__EXERCISE REQUIREMENTS__
Pictures do not belong in your copy. Repeat all the other data exactly.
*** Opening DATA SEGMENT ***
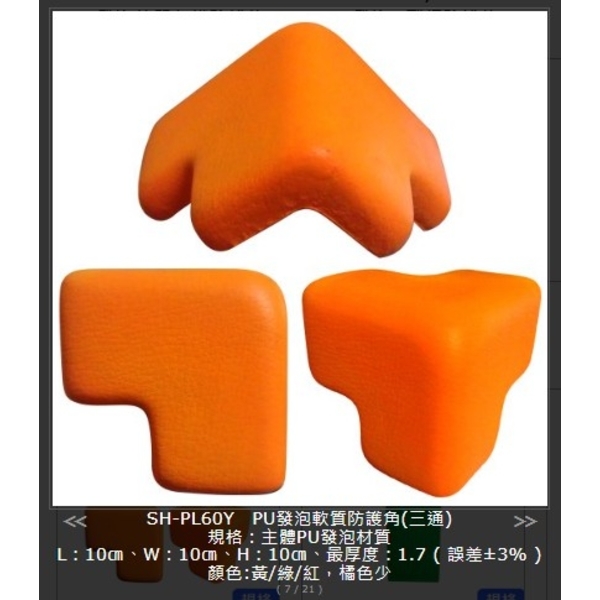 SH-PL60Y-yel  黃色PU發泡軟質防護角 ( 三通 )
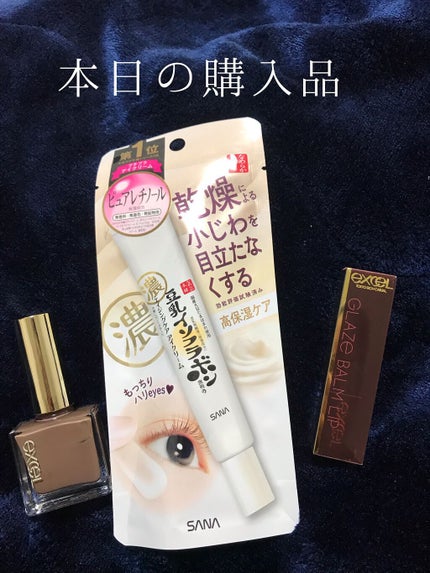 グレイズバームリップ/excel/口紅の人気ショート動画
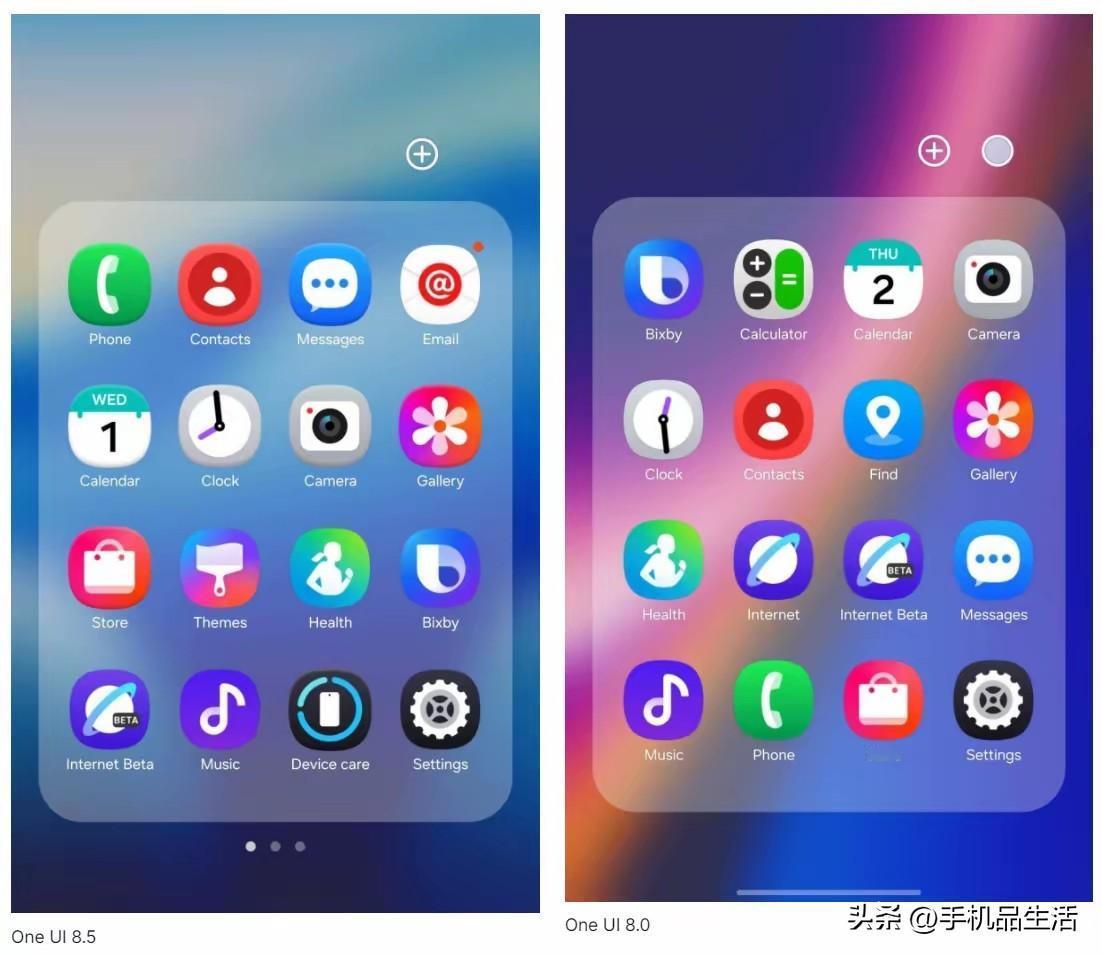 三星One UI 8.5全新3D效果桌面App图标曝光

近日，有外媒称三星计划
*** Closing DATA SEGMENT ***
__SOLUTION TO THIS PROBLEM__
 SH-PL60Y-yel  黃色PU發泡軟質防護角 ( 三通 )
 グレイズバームリップ/excel/口紅の人気ショート動画
 三星One UI 8.5全新3D效果桌面App图标曝光

近日，有外媒称三星计划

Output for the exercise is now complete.